[[ The data, beginning ]]
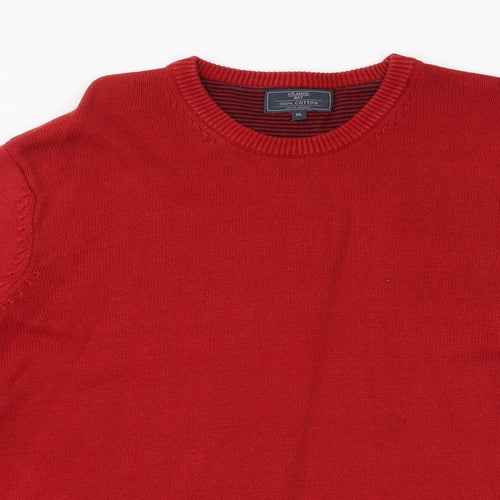 BHS Mens Red Round Neck Cotton Pullover Jumper Size XL Long Sleeve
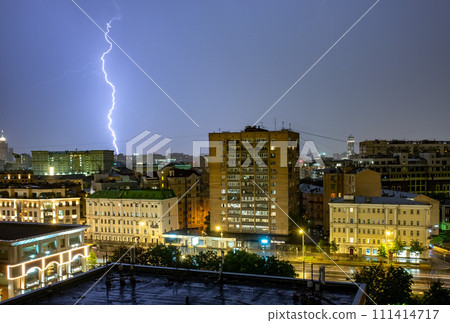 Lightning in the night sky during a thunderstorm in the center of the Russian capital. 111414717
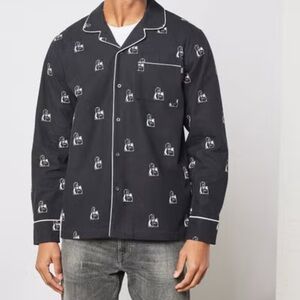 HUF Remio Dog Flannel Long Sleeve Shirt Black White Print Mens Button Up Top.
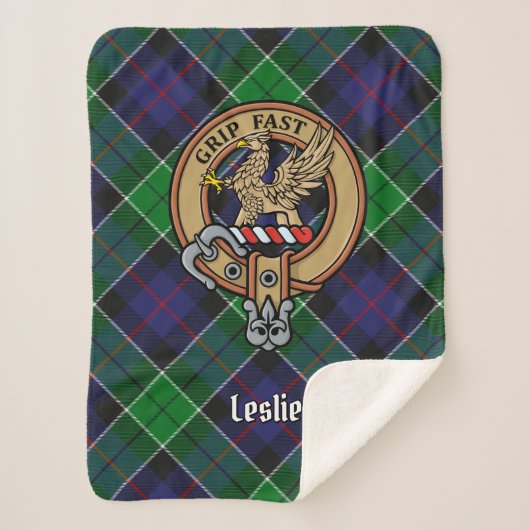Couverture Sherpa Clan Leslie Crest sur la chasse Tartan (Devant)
[[ The data, end ]]
[Task instructions]:
Excluding all images, transcribe the material word for word.

[Response to the task]:
 BHS Mens Red Round Neck Cotton Pullover Jumper Size XL Long Sleeve
 Lightning in the night sky during a thunderstorm in the center of the Russian capital. 111414717
 HUF Remio Dog Flannel Long Sleeve Shirt Black White Print Mens Button Up Top.
Couverture Sherpa Clan Leslie Crest sur la chasse Tartan (Devant)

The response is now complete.